Deron Williams e Jerry Sloan di nuovo insieme? Ecco l’ultimo colpo di testa di D-Will

Ora che tra i Nets, con sede al Barclays Center in Brooklyn, e i Knicks, che disputano le loro gare casalinghe nel favoloso Madison Square Garden di Manhattan, vi è solo un ponte di distanza, sembra che il frastuono mediatico che ha sempre invesito i giallo-arancio stia colpendo anche la neonata franchigia della strana coppia Mikhail Prokhorov e Jay-z. L’oggetto delle discussioni? La nomina del successore di PJ Carlesimo sulla seconda panchina più scottante d’America. I tantissimi nomi che sono stati spesi nelle ultime ore, tra cui compaiono anche quelli di Brian Shaw, Phil Jackson e Jeff Van Gundy, hanno letteralmente infiammato la piazza, che potendo contare su uno dei roster più onerosi della Lega non vuole farsi scappare un nome di grido per quanto riguarda la guida tecnica. A mettere benzina sul fuoco, però, sono state le ultime dichiarazioni del presunto leader della squadra, Deron Williams, che piuttosto clamorosamente ha aperto ad un approdo di Jerry Sloan. Ecco, da dove iniziare?

Jerry Sloan è uno dei più grandi allentatori della storia del gioco, famoso per aver legato il proprio nome ad una sola franchigia (non ce ne vogliano i Bulls, dove Sloan ha militato a lungo da giocatore e per tre anni da capo-allenatore), quella degli Utah Jazz. Tra gli anni trascorsi da vice, e quelli da coach, Sloan è rimasto a Salt Lake City dal 1984 al 2011, ben 27 anni, cifra che ha pochi eguali nella storia dello sport mondiale. Perché allora si è consumato l’addio con i suoi amati Jazz? E’ qui che la storia non torna.

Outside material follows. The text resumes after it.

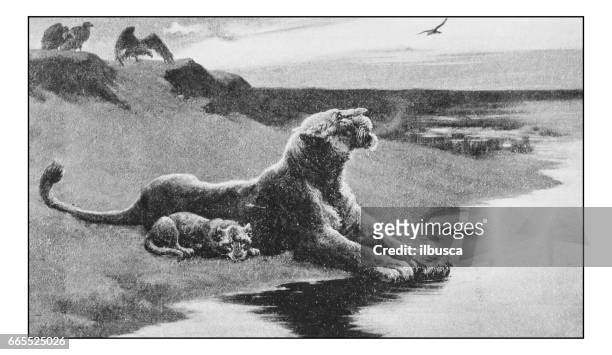 antique photo of paintings: lioness - lioness stock illustrations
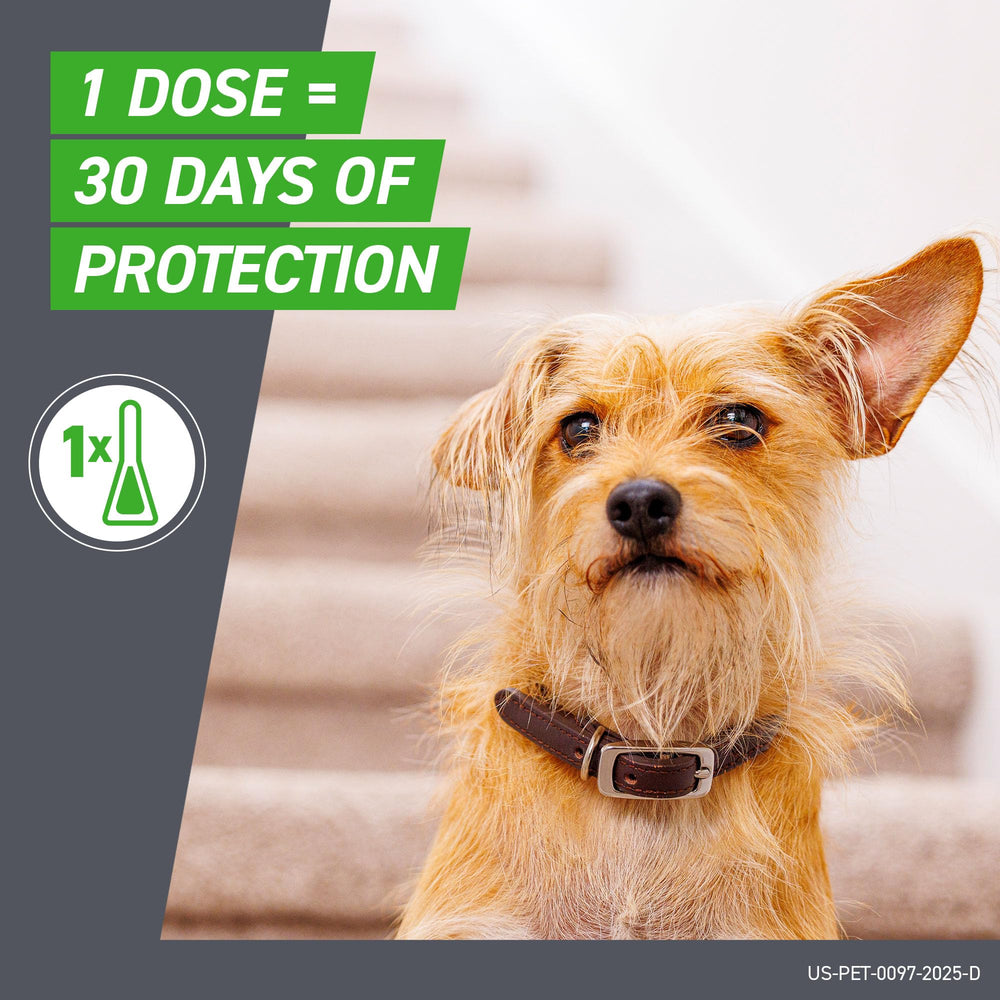 Perro activo al aire libre protegido con Frontline Plus, resistente al agua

Dalle voci di corridoio, ma anche da quelle pressochè ufficiali, ciò che ha spinto Sloan a terminare la propria ventisettenale avventura sono state proprio le frizioni con Deron Williams, all’epoca stella di una Utah che si era da poco privata di Carlos Boozer.

Per quanto il senso del professionismo negli USA sia profondamente diverso da quello italiano, sembra veramente difficile che Sloan e Williams si possano ricongiungere, sia in maglia Nets che in qualsiasi altra veste.

Allora perché questa sparata di D-Will? Sarà la delusione dell’eliminazione dai playoff che gli ha dato alla testa, o sono stati semplici ordini dall’alto? L’ipotesi che la dirigenza abbia spinto Willams ad una dichiarazione del genere non sono del tutto infondate, ma la sua richiesta di un “coach che abbia una spiccata propensione offensiva” e l’evidenza, che ha mostrato impietosamente un Williams molto meno dominante da quando ha slegato il proprio nome da quello di coach Sloan, non può non far pensare che questa clamorosa retromarcia l’abbia voluta proprio l’ex Illinois.

Ad ogni modo nelle ultime due ore i nomi più forti sono quelli di Brian Shaw e Jeff Van Gundy, con il solito Phil Jackson accostato più o meno ad ogni panchina NBA. L’ipotesi Sloan, sembra essere stata più che altro una boutade, che poco ha a che fare con le reali intenzioni dei Nets. Meno male, perché nello Utah il ricongiungimento di Sloan con il figliuol prodigo non sarebbe preso poi così bene.